Boxing analysis is no longer just about punch totals or “who looked busier.” Modern fight analysis is data science: repeatable pipelines, validated data, explainable models, and performance indicators that translate into strategy. This post shows how to build a professional fight data science workflow in R—from raw data to metrics, modeling, and tactical insights—using code you can adapt to your own datasets.

You’ll get: a production-style project structure, data contracts, validation checks, feature engineering patterns, round-by-round models, fatigue and momentum signals, and high-signal visualizations for coaches and analysts. The goal is to help you move from “interesting charts” to decision-grade analytics.


Table of Contents


1) Professional setup and project structure

A “pro” analytics workflow starts with discipline: consistent folders, reproducible environments, and clear separation of raw → clean → features → models. Even if you’re solo, this structure makes your work easier to iterate and publish.

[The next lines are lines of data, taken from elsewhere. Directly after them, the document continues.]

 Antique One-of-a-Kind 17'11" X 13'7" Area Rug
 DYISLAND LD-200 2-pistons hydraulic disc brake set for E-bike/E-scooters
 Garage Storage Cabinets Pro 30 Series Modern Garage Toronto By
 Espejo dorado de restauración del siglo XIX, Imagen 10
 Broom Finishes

# Core libraries for fight data science
pkgs <- c(
  "tidyverse", "janitor", "lubridate", "glue", "cli",
  "arrow", "here", "fs",
  "duckdb", "DBI",
  "slider",
  "rsample", "recipes", "parsnip", "workflows", "tune", "dials",
  "yardstick", "broom",
  "ggrepel", "patchwork"
)

to_install <- pkgs[!pkgs %in% installed.packages()[, "Package"]]
if (length(to_install) > 0) install.packages(to_install, dependencies = TRUE)
invisible(lapply(pkgs, library, character.only = TRUE))

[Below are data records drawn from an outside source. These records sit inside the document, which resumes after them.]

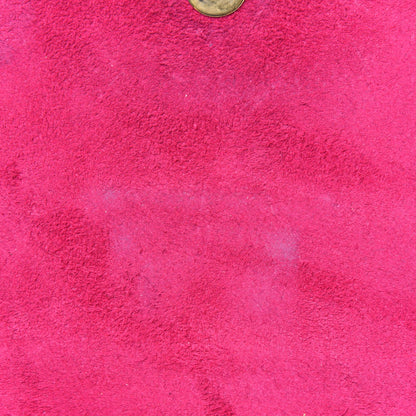 Saint Laurent Calfskin Small Classic Y Satchel Fuchsia 12 of 20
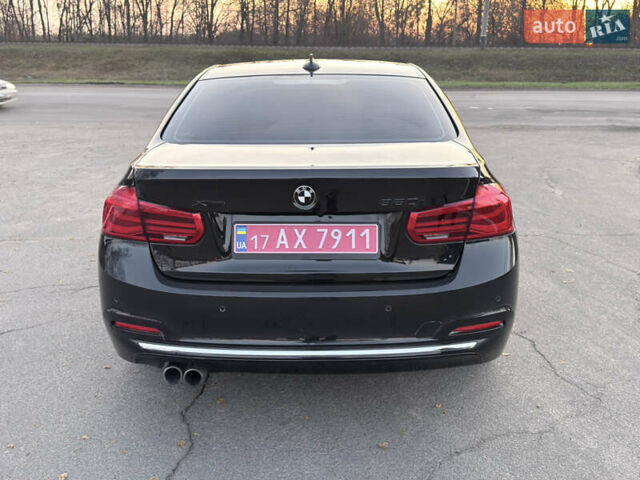 Черный БМВ 3 Серия, объемом двигателя 2 л и пробегом 180 тыс. км за 15999 $, фото 5 на Automoto.ua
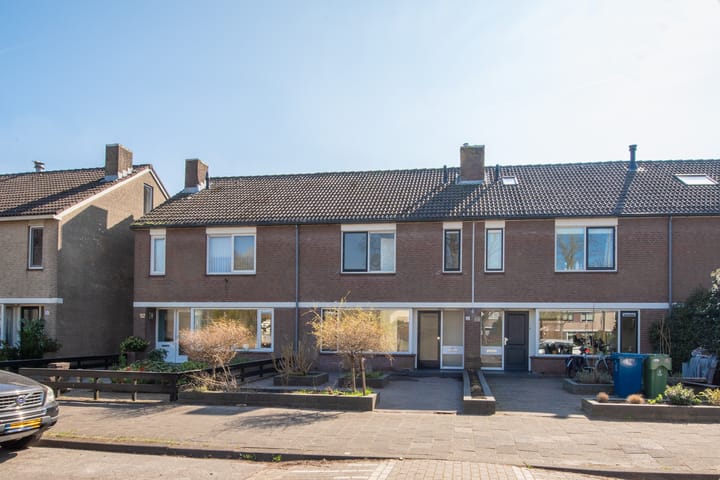 Foto 40 van Mahlerstraat 90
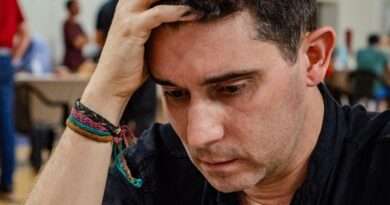 Personalidad en Juego: Autoconocimiento a través del Ajedrez. Diego Santos brindara un interesante taller en Casa Jarabito y contó sobre los abordajes.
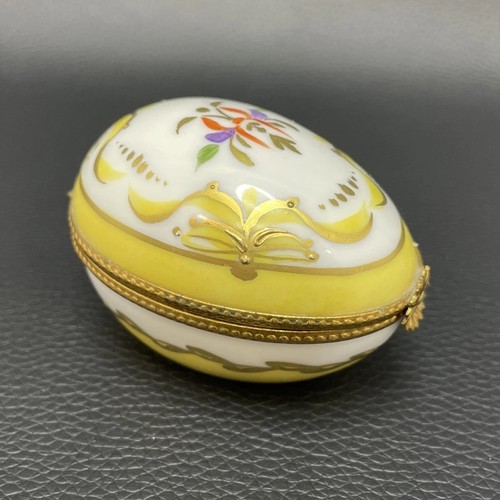 Portagioie porcellana limoges - portagioie,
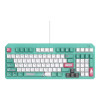 ASUS TUF Gaming K3 Gen II Hatsune Miku Edition Mechanical Gaming Keyboard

# Create a clean project layout (idempotent)
dirs <- c(
  "data/raw",
  "data/clean",
  "data/features",
  "data/models",
  "plots",
  "reports",
  "R"
)

walk(dirs, ~ fs::dir_create(here::here(.x)))

log_info <- function(...) cli::cli_alert_info(glue::glue(...))
log_ok   <- function(...) cli::cli_alert_success(glue::glue(...))

log_ok("Project folders ready at: {here::here()}")

Tip: store raw files read-only, and always write standardized outputs (e.g., Parquet) to data/clean/. You’ll instantly speed up your workflow and reduce “mystery bugs.”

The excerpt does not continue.